It’s not clear how many law enforcement agencies have purchased the tool, called Rekognition, since its launch in late 2016 or since its update last fall, when Amazon added capabilities that allow it to identify people in videos and follow their movements almost instantly.

The Washington County Sheriff’s Office in Oregon has used it to quickly compare unidentified suspects in surveillance images to a database of more than 300,000 booking photos from the county jail — a common use of such technology around the country — while the Orlando Police Department in Florida is testing whether it can be used to single out persons-of-interest in public spaces and alert officers to their presence.

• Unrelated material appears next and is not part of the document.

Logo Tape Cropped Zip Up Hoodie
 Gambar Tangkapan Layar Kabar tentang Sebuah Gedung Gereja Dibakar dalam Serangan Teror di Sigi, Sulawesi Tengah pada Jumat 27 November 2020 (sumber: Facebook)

The American Civil Liberties Union and other privacy advocates on Tuesday asked Amazon to stop marketing Rekognition to government agencies, saying they could use the technology to “easily build a system to automate the identification and tracking of anyone.”

That could have potentially dire consequences for minorities who are already arrested at disproportionate rates, immigrants who may be in the country illegally or political protesters, they said.

“People should be free to walk down the street without being watched by the government,” the groups wrote in a letter to Amazon on Tuesday. “Facial recognition in American communities threatens this freedom.”

In an emailed statement, Amazon Web Services stressed that it requires all of its customers to comply with the law and to be responsible in the use of its products.

Amazon’s technology isn’t that different from what face recognition companies are already selling to law enforcement agencies. But its vast reach and its interest in recruiting more police departments — at extremely low cost — are troubling, said Clare Garvie, an associate at the Center on Privacy and Technology at Georgetown University Law Center.

“This raises very real questions about the ability to remain anonymous in public spaces,” Garvie said.

While police might be able to videotape public demonstrations, face recognition is not merely an extension of photography but a biometric measurement — more akin to police walking through a demonstration and demanding identification from everyone there, she said.

Some police departments, including Seattle, have policies that bar the use of real-time facial recognition in body camera videos.

Amazon released Rekognition in late 2016, and the sheriff’s office in Washington County, west of Portland, became one of its first law enforcement agency customers.

A year later, deputies were using it about 20 times a day — for example, to identify burglary suspects in store surveillance footage. Last month, the agency adopted policies governing its use, noting that officers in the field can use real-time face recognition to identify suspects who are unwilling or unable to provide their own ID, or if someone’s life is in danger.